Il segretario per i Rapporti con gli Stati e le Organizzazioni internazionali della Santa Sede ribadisce, in una conferenza organizzata a Roma dalla rete delle cattedre Unesco, l’esigenza di non rassegnarsi a un lungo conflitto e chiede una riforma delle organizzazioni internazionali. La diplomazia vaticana ha il valore aggiunto della misericordia, spiega, e deve “sporcarsi le mani” per il bene della persona umana
Michele Raviart – Città del Vaticano
Non possiamo rassegnarci al fatto che la guerra in Ucraina continui per lungo tempo e, anche se al momento non sembra esserci una base per eventuali negoziati, bisogna mantenere vivo l’ideale della pace e l’idea che questa guerra finirà, anche se non sarà la fine immaginata da Zelensky o da Putin. Vogliamo una pace giusta, ma una pace deve venire e per far questo, se necessario, bisogna cominciare anche a “pensare l’impensabile”. Ad affermarlo è monsignor Paul Richard Gallagher, segretario per i Rapporti con gli Stati, intervenuto alla conferenza “Le armi della diplomazia. Dialogo tra Santa Sede e Europa davanti alla guerra”, promossa dalla rete delle cattedre Unesco italiane ReCui e che si è svolta a palazzo Altemps a Roma.

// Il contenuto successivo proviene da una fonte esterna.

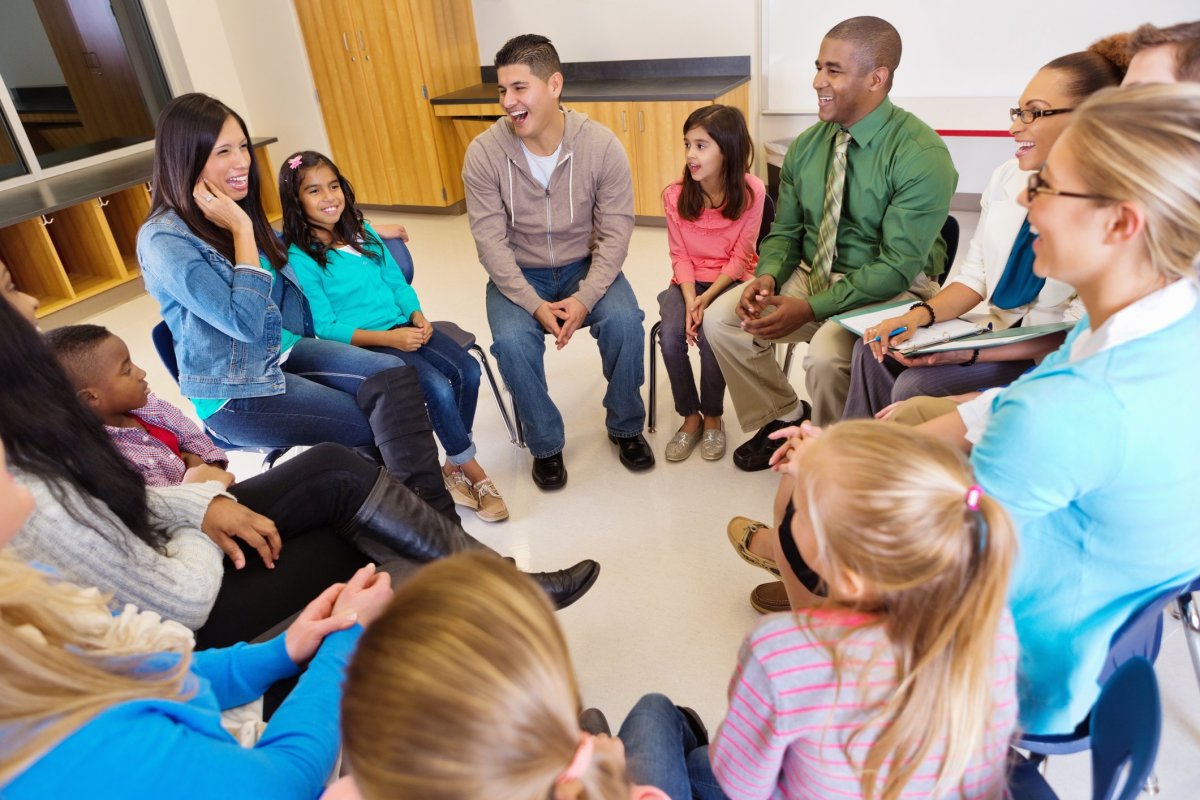 Students and Parents sitting in a circle in a classroom smiling and talking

Il valore aggiunto della misericordia
La diplomazia della Santa Sede, ha ricordato il professor Alberto Melloni, titolare della cattedra Unesco sul pluralismo religioso e la pace, ha il vantaggio, rispetto agli altri attori, di poter operare senza retropensieri materiali. La sua specificità, ha ricordato monsignor Gallagher, è quella di avere come valore aggiunto quello della misericordia, l’unico capace di spezzare le catene dell’odio e della vendetta. In questo senso, la Santa Sede opera per colmare le differenze e non aumentare divari avendo come beneficiario ultimo di tutto sempre la persona umana. Per questo il Papa impegna la sua diplomazia a “sporcarsi le mani” e impegnarsi in tutti i modi possibili per la pace. Una pace concreta, mutabile e in divenire, in modo che sia l’anello di un nuovo processo virtuoso tra le parti in conflitto e non solo un’attribuzione di vincitori e vinti.

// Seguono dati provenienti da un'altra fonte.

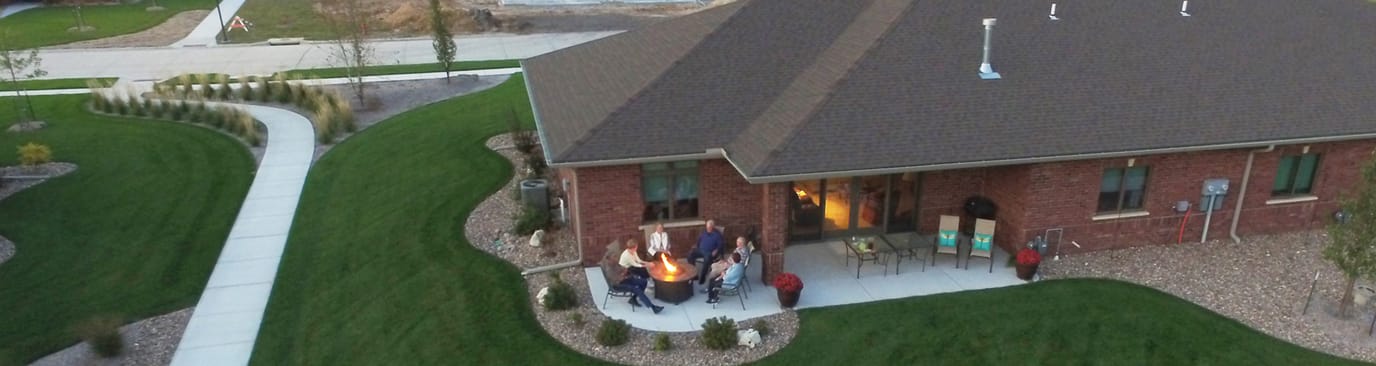 Residents enjoying an outdoor fire pit gathering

Prevenire conflitti, non rincorrere gli eventi
In questa fase della storia, continua il segretario ai Rapporti per gli Stati, la diplomazia sta rincorrendo gli eventi e ha perso quella che dovrebbe essere la sua essenza, cioè la capacità di prevenire conflitti. Non deve essere un’espediente per fermare conflitti con tregue armate, ma uno strumento di coesione preventiva. Un processo che deve coinvolgere non solo leader e diplomatici, ma più attori possibili. Tra questi, le religioni. Un buon esempio è quello dell’imminente viaggio in Congo e Sud Sudan di Papa Francesco, che sarà accompagnato dall’arcivescovo di Canterbury Justin Welby.

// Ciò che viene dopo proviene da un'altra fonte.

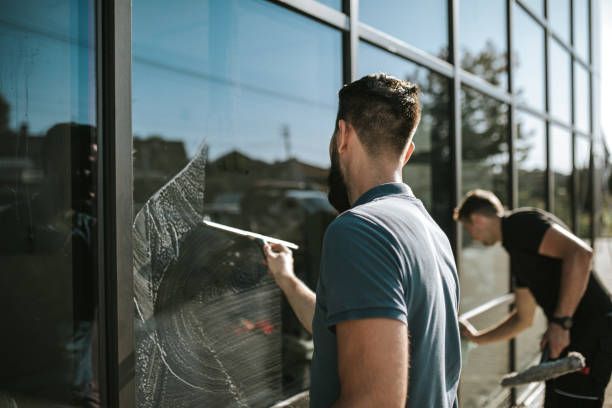 Workers Are Cleaning The Windows Of A Building — Coconut Creek, FL — American Window Washing & Pressure Inc.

La crisi delle Nazioni Unite
Soprattutto la guerra in Ucraina ha mostrato una profonda crisi del sistema multilaterale e delle grandi organizzazioni internazionali, in particolare le Nazioni Unite. Dopo la morte delle persone, ha sottolineato l’arcivescovo Gallagher, lo scandalo più grande di questa guerra è stato che Kyiv sia stata bombardata da un membro permanente del Consiglio di Sicurezza durante la visita del segretario generale dell’Onu Guterres. L’auspicio è quello di una riforma del funzionamento dell’organizzazione, in un modo più rappresentativo e che tenga conto delle necessità di tutti i popoli. Per questo serve il supporto di tutta la comunità internazionale e il recupero, come ha spesso sottolineato il cardinale segretario di Stato Pietro Parolin, dello “spirito di Helsinki”. L’impotenza dell’Onu è stata da subito data per scontata e questo pochi anni fa era impensabile, ha ribadito anche l’ex presidente della Commissione Europea Romano Prodi, presente al dibattito, secondo cui la pace può venire solo con un accordo tra Stati Uniti e Cina.